From her “Inspired Barn,” a 1,000-square-foot crafter’s metropolis at her Petaluma home, she’s showcased step-by-step directions for creating complex crafts that range from a cigar box bed with a postage stamp quilt to jewelry to advent calendars, with her blog drawing 10,000 page views a day at its highpoint.

Now, the 50-year-old Missouri native is taking a step back and shifting her focus to a new realm: creating assemblage art, or three-dimensional artworks made using everyday objects, which she sells through Etsy and her website.

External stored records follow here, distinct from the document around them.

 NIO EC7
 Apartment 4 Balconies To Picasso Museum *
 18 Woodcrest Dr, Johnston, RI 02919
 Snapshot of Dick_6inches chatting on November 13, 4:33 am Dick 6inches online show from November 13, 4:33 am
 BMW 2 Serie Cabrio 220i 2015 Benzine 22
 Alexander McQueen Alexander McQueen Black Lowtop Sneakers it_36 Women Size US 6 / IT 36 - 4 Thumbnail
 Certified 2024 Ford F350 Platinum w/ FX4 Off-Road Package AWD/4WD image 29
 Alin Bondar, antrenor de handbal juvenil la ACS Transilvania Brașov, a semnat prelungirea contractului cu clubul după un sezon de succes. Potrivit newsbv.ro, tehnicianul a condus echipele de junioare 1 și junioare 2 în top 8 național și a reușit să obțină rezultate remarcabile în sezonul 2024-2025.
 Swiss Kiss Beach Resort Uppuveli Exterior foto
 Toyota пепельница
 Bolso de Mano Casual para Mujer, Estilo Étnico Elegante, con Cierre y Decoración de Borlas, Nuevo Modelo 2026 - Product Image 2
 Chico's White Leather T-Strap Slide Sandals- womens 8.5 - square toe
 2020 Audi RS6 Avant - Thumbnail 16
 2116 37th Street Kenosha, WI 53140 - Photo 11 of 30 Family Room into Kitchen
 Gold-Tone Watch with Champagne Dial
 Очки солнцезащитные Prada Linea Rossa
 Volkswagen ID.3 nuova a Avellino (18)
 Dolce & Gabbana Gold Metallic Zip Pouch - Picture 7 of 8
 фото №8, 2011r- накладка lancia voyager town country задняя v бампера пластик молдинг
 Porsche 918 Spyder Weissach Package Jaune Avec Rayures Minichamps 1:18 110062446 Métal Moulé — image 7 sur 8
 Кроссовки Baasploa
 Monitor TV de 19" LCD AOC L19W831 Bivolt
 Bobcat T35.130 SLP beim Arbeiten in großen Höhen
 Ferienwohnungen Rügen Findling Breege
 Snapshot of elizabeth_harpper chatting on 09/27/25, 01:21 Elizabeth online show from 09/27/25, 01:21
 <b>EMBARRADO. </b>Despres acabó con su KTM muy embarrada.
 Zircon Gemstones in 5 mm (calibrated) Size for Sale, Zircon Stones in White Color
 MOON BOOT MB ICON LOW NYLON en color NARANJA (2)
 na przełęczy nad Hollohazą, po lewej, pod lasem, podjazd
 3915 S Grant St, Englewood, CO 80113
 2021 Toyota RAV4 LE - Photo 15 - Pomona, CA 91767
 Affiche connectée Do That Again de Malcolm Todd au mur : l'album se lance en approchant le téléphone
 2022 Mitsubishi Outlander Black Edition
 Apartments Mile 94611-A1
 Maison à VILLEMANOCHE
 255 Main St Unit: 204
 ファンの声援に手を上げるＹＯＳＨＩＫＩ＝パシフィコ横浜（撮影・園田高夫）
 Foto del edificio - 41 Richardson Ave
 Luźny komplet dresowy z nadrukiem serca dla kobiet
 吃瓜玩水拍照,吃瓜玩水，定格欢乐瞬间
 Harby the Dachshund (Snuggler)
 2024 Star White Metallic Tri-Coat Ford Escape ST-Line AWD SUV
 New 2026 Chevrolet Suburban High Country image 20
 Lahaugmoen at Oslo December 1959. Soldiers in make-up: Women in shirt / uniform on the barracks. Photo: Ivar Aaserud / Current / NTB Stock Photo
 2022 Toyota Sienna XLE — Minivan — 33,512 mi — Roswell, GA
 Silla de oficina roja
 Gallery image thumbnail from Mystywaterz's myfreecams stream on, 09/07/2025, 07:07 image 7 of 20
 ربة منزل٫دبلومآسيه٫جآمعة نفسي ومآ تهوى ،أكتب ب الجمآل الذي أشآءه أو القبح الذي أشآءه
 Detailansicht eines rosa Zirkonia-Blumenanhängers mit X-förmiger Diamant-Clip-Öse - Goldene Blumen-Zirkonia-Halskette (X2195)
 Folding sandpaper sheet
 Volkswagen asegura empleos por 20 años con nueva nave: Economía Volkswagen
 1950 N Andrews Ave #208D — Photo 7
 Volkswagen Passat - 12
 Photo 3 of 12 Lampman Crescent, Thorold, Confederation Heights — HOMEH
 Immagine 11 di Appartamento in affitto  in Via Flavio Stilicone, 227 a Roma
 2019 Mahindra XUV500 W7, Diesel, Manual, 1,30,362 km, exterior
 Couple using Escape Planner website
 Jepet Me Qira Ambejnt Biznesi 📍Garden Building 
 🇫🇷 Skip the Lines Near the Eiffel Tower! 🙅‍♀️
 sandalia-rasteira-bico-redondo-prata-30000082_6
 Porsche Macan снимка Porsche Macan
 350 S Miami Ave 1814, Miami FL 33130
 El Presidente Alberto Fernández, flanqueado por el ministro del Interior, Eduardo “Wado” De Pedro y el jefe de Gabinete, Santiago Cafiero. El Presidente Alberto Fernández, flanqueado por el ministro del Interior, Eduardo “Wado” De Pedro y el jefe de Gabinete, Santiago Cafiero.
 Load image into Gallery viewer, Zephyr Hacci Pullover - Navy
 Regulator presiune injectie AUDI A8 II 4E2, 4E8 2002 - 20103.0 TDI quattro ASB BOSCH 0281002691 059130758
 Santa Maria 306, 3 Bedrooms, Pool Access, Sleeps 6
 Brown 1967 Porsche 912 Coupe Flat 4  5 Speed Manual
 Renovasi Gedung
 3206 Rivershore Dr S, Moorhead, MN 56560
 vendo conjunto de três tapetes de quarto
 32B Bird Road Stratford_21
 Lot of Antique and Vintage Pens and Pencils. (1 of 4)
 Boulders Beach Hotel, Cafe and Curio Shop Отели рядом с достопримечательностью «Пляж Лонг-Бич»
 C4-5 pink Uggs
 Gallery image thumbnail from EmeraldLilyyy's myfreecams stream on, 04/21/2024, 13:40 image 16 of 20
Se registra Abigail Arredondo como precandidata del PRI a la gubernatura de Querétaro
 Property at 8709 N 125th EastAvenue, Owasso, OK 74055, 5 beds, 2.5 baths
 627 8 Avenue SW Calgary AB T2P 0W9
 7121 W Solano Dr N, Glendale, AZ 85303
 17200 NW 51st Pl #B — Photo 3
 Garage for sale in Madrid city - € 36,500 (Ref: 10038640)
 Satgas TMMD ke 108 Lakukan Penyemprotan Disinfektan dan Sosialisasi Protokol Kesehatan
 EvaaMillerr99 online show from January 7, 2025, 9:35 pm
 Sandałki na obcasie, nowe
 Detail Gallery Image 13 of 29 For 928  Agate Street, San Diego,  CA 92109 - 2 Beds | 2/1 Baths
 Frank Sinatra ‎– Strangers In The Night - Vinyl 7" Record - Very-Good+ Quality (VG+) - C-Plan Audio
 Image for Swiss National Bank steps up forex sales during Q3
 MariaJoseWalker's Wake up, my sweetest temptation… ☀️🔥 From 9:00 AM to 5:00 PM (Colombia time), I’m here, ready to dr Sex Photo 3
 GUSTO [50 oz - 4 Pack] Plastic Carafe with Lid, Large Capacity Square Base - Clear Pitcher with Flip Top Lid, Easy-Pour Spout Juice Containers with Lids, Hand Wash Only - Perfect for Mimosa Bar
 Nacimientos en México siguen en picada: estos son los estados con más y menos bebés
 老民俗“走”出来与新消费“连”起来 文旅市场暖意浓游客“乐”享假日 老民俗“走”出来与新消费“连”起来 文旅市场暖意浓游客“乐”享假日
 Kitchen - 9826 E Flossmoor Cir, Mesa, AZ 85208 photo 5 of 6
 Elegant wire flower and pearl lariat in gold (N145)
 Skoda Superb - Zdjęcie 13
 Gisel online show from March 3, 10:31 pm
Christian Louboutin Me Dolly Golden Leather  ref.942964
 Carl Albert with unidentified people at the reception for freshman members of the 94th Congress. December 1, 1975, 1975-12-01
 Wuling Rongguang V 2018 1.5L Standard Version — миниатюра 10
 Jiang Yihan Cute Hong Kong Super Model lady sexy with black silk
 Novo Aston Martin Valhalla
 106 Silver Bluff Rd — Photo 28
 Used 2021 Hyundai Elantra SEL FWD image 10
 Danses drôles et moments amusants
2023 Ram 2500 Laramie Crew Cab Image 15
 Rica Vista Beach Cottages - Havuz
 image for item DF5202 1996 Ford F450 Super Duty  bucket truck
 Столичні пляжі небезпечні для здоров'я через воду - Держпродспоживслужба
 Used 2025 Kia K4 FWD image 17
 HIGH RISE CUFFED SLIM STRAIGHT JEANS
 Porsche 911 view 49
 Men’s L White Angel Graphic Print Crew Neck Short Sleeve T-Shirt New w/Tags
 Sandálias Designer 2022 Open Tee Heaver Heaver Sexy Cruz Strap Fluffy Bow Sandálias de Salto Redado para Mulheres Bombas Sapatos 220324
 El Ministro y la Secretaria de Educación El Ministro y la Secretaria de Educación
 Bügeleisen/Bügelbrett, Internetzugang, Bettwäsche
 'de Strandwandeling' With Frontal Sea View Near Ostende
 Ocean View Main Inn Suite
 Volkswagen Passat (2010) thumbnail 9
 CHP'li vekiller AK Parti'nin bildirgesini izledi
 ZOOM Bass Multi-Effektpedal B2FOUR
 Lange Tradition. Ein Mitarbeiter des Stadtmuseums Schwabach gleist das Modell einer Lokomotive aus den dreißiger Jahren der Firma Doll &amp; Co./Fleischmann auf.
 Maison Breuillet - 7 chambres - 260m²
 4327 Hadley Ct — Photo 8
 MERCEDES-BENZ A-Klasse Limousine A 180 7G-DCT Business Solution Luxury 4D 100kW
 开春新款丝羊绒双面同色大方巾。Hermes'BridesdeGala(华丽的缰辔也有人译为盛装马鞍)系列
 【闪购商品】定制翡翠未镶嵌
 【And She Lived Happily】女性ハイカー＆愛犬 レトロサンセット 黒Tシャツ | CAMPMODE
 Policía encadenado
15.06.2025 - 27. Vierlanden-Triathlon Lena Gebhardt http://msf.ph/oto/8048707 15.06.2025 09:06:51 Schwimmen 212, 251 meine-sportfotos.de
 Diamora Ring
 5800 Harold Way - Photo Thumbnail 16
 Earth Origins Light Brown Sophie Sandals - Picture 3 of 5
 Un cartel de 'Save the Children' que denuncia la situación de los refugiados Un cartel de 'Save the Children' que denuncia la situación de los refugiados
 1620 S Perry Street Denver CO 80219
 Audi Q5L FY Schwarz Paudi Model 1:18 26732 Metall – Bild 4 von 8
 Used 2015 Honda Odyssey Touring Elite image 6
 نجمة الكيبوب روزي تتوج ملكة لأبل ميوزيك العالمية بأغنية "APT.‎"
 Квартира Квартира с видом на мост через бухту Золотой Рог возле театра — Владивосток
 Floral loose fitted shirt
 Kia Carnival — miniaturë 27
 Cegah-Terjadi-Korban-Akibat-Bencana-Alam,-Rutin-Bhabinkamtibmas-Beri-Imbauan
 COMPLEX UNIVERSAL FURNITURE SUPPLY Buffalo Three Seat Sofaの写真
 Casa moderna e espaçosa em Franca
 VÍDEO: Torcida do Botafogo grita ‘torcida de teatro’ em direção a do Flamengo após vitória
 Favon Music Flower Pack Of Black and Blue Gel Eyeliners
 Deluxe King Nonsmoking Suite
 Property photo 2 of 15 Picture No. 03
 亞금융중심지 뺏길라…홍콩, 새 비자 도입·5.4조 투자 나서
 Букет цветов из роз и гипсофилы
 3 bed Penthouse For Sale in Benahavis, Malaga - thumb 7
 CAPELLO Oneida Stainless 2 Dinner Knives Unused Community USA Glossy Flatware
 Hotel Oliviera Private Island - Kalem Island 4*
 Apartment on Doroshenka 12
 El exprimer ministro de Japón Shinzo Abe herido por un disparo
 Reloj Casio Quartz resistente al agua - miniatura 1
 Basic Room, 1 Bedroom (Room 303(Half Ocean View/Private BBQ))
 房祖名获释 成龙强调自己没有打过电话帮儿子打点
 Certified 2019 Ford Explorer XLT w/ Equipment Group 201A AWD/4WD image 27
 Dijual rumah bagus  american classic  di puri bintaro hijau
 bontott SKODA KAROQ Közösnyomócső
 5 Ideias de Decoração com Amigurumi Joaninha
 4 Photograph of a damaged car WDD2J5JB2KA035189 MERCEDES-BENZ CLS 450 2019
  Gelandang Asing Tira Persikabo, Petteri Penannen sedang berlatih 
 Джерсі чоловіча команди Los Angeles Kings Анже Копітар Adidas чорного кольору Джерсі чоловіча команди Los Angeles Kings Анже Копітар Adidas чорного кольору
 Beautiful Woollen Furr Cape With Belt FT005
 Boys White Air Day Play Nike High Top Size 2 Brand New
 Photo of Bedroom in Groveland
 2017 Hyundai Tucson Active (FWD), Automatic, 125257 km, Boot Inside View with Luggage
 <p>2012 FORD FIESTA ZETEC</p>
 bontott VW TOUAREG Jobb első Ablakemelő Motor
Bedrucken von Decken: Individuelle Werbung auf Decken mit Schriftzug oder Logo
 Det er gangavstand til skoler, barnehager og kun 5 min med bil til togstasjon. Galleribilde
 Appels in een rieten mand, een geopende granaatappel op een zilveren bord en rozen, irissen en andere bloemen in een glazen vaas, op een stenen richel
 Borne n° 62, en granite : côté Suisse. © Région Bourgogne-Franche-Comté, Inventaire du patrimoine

She’s also networking in the Petaluma art community, and last week she set up a mercantile in a downtown collective and consignment shop “The Find Petaluma,” incorporating the color scheme from her home studio and offering some of the vintage crafting components and goods for home decor from her studio, as well as completed crafts she’s made.

“This year is a transition for me - not completely out of crafting, but sort of into an art realm,” Holden said, adding that she plans to still work blogging and teaching into her creative lifestyle.

Building on her graphic design and marketing background, Holden’s crafting success started in 2008 after the mother of three tapped into a like-minded online community.

“I thought ‘there are a lot of people like me with kids who are creative,’?” said Holden, who’s the wife of Petaluma Fire Department Battalion Chief Jeff Holden. “I was starting to branch out to see the community primarily because of Etsy, and I thought ‘you know people might be interested to see how a graphic designer crafts.’?”

From there, things took off.

The SC Johnson Company, manufacturer of household cleaning supplies, sought out Holden for its “Family Economics” blog shortly after she’d launched her website, and she was commissioned by Chronicle Books to publish a book about paper crafts titled “Rosette Art.” She was asked to become a contributing editor for Country Living Magazine.

Her operation outgrew her home workspace and with help from corporate sponsors, including Lowe’s, which provided the paint and rugs and Overstock.com, which gave lamps and chairs, she turned the barn that once housed her husband’s fishing boat into her highly-organized studio, which she’s meticulously stocked with supplies from flea markets, antique shops, Etsy and EBay.

It was during research to find new techniques for future crafts that she discovered the world of assemblage art, and right away, she was hooked.

“Assemblage work is the perfect combination of graphic design and my passion for vintage goods and crafting, and it just all came together,” she said.

She began to create intricate pieces in vintage wooden boxes and containers, using components including antique labels, cigar boxes, figurines and other objects she’s amassed in her collection over the years.

“I find the centerpiece - some little item - and I love to build a story around that,” she said. “I dig through all boxes of stuff and things come together. All the different components and boxes and trinkets and things build around that small centerpiece.”

And, in keeping with her past successes, her work was noticed quickly, with renowned illustrator and graphic artist Mary Engelbreit purchasing her first assemblage art piece, she said.

Holden said her newfound passion allows her to explore more of her own creativity while immersing herself in the local art community.

“I feel like it’s the right mix. I love Petaluma and I love being in town, it gets me out of the barn,” she said. “It all just kind of came to this with all the different things I do. I don’t want to give up teaching, and I’m finding a way to fit teaching into what I’m doing. I’m finding myself as an artist and not as much as a commercial being – I’ve always had a commercial aspect to my work.”

She ended her contract with SC Johnson about two months ago, and she said she’s enjoying the newest chapter to her story.

“I feel like I don’t answer to anyone and it flows so much more creatively through me,” she said. “I design on a whim and there’s no need to explain every step I’ve taken … it’s not even that I got tired of any of those things, I’m just exploring new things, and I’m really enjoying doing my own art and the fact that it’s actually selling.”